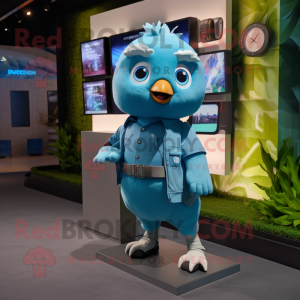 Cyan Dove mascot costume character dressed with a Cargo Shorts and Smartwatches
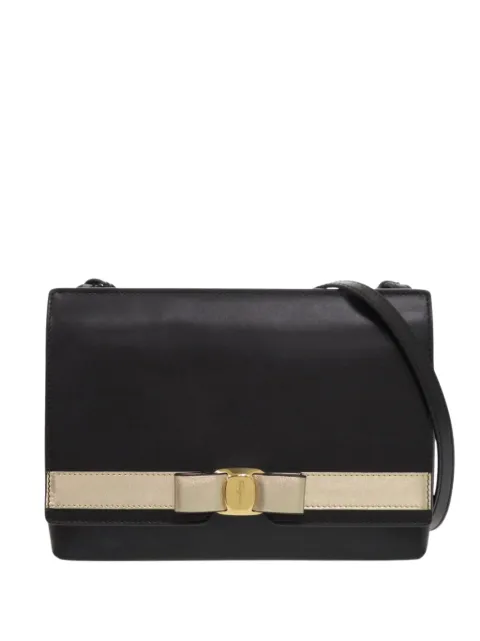 Ferragamo Pre-Owned 2000-2026 Leather Vara Bow crossbody bag Black 6LSDUOGT84GDWQCU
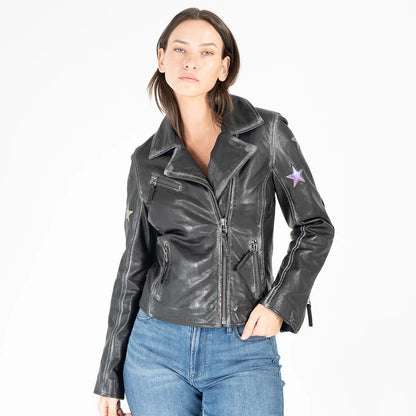 Mauritius Candy RF Leather Jacket Black/Rainbow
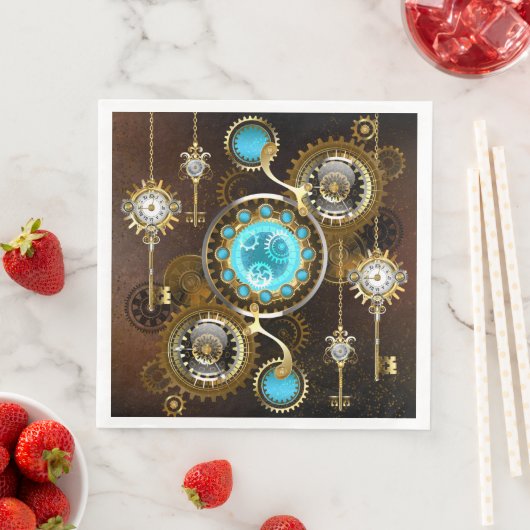 Serviette En Papier Steampunk Rusty Background (En situation)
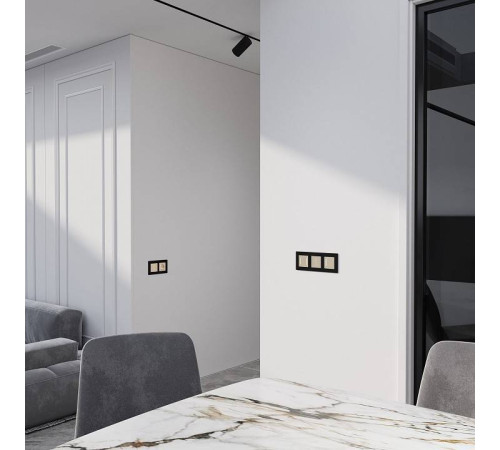 Выключатель сенсорый двухклавишный с подсветкой и функцией Wi-Fi, без рамки Werkel шампань W4523011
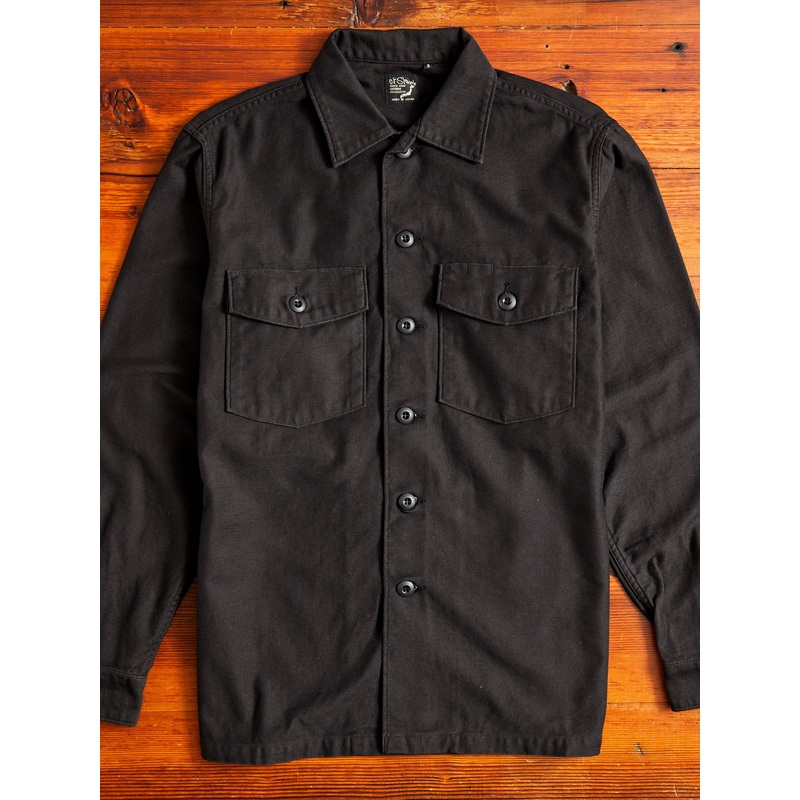 US Army Fatigue Shirt in Black Stone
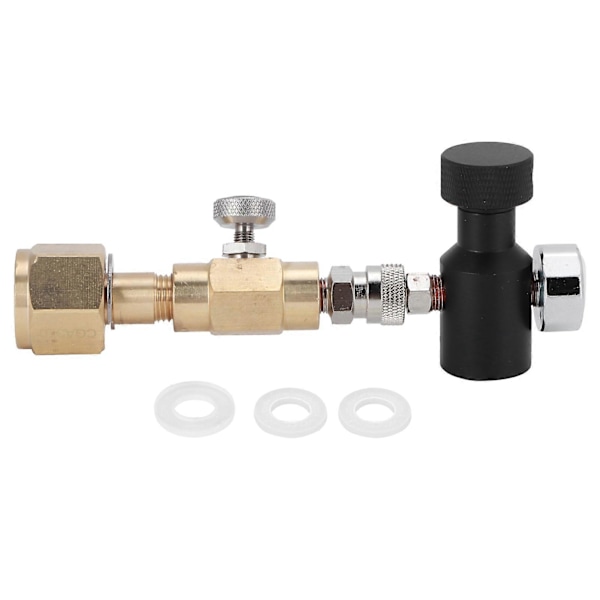 CO2 Cylinder Påfyldningsadapter Messing Connector CGA320 med Udluftningsventil ASA 1500PSI Trykmåler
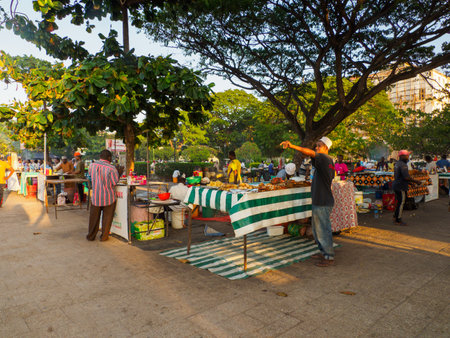 Stone Town, Zanzibar, Tanzania - January, 2021: Food at the Forodhani market. Africaのeditorial素材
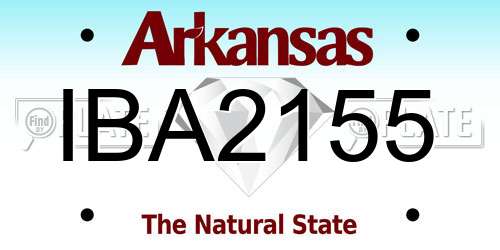 IBA2155 Arkansas License Plate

## Exercise
Please retype only the lines from the line that holds "Stone Town, Zanzibar, Tanzania" through the end of the records, exactly as they stand, and drop every picture.

## Task response
 Stone Town, Zanzibar, Tanzania - January, 2021: Food at the Forodhani market. Africaのeditorial素材
 IBA2155 Arkansas License Plate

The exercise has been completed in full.